Por Miranda Sá

“Uma cruel desilusão / Foi tudo o que ficou / Ficou pra machucar meu coração” (Ary Barroso)

Entristece-me ao ver que entre os defensores oficiais da Amazônia, há alguns que nunca estiveram na região e sequer viram a floresta, mesmo nos documentários da ‎National Geographic… é por isto que pedimos mais cuidados na escolha destes agentes governamentais.

Conhecer a realidade é exigido até para a descrição literária. Diz-se, por exemplo, que o dramaturgo espanhol Calderón de La Barca viajou mais de um ano com um circo ambulante para escrever sobre a vida dos acrobatas; e que o admirável Èmilie Zola andou de carroça pelos campos franceses colhendo informações para o seu livro “La Terre”.

Os historiadores, que não podem voltar à pré-história – como a gente assiste nos filmes “De Volta ao Futuro” –, se valem dos arqueologistas e panteologistas para desenvolver teses sobre a Pangeia e a formação dos continentes…

Explico, porém, que minha censura à Comissão chefiada pelo vice-presidente Hamilton Mourão não individualiza ninguém, nem a formação profissional e intelectual de nenhum, civis ou militares; baseia-se nas críticas divulgadas na imprensa internacional e nas ameaças de retaliação de vários países contra o Brasil.

O problema da Amazônia vem de longe e não apenas às atuais queimadas e ao desmatamento. Ocorre com a invasão de “missionários” para catequizar os indígenas, com a infestação de Ongs estrangeiras prospectando o subsolo, vê-se nos invasores de terras da União e nos posseiros apaniguados por políticos, nas marcações de terras indígenas e no garimpo ilegal.

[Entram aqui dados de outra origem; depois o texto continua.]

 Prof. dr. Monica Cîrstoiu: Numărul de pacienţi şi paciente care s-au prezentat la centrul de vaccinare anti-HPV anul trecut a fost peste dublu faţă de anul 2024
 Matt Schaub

A defesa da Amazônia abrange tudo isto. Mas os ambientalistas especificam a situação, estranhando as medidas de prevenção de sempre, condenando a demora burocrática para solução de casos imanentes e sabendo que não é somente um “passar de boiada”, como propôs o ministro Ricardo Salles; vem de gestores antigos, José Sarney, Fernando Henrique, Lula da Silva e Dilma Rousseff.

Categóricas, no momento, são as tentativas de fraudar os dados do Inpe ou mesmo escamoteá-los para evitar que a realidade seja exposta. A intervenção do Governo Federal no Inpe é deplorável, mostrando o desprezo pela preservação da Amazônia. Firma-se na política arrivista da demagogia, auto-assumida “de direita”.

O coordenador de Comunicação do Observatório do Clima, doutor Claudio Angelo, resume numa frase o frenesi bolsonarista pela “conquista da Amazônia” por garimpeiros, madeireiros e pecuaristas: – “O Inpe é o novo Ibama”.

Este estudioso do Clima referiu-se no site “Direto da Ciência” ao arruinamento pela atual gestão do Ibama, escrevendo: – “Demorou mais de um ano e meio, mas finalmente o governo Bolsonaro parece ter aprendido o que fazer para não ter mais dor de cabeça com os dados de desmatamento. Vai destroçar o Instituto”.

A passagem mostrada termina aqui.